24 April 2011

My Anzac Day at Gallipoli

Sitting on the damp grass above the sands of the beach at Suvla Bay, I experienced the coldest night of my life! But that discomfort was nothing compared to the suffering of the Kiwi and Australian soldiers who stormed that beach on 25 April 1915.
Anzac Cove, in 1915 and in 2008


Ataturk's famous words on a memorial at Gallipoli and the beautifully maintained graves of the fallen soldiers
My journey to Gallipoli had begun two days earlier, on 23 April 2008, sitting on a bus full of Kiwis and Australians en route from Istanbul to Çanakkale, the main town across the Dardanelles from the Gallipoli peninsula.

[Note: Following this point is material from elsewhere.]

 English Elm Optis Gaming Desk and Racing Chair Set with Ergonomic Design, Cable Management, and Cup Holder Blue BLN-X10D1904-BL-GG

We reached the entrance to the Gallipoli Peninsula Historical National Park around 2pm and began our five-hour tour of the battlefields. It was both humbling and enlightening, thanks in large part to our tour guide, Murat. We started at Kabatepe, where we ate a packed lunch while listening to his introductory talk, then we moved round the various sites: Kemalyeri Memorial, Chunuk Bair (the New Zealand memorial), The Nek, Quinn’s Post, Johnston’s Jolly, Lone Pine, Shrapnel Valley, Anzac Cove, Ari Burnu.

Lone Pine Memorial
My travelling companion Geoff and I both had great-granduncles who died at Gallipoli and both are commemorated on the memorial at Lone Pine. Geoff’s relation Horace Polglase died on 25 April 1915, while mine, Trooper D.A. Rae of the Canterbury Mounted Rifles, died in August 1915. I was surprised at how emotional I became when I read the inscription and as I walked round the graves at that and the other cemeteries. So many young lives wasted!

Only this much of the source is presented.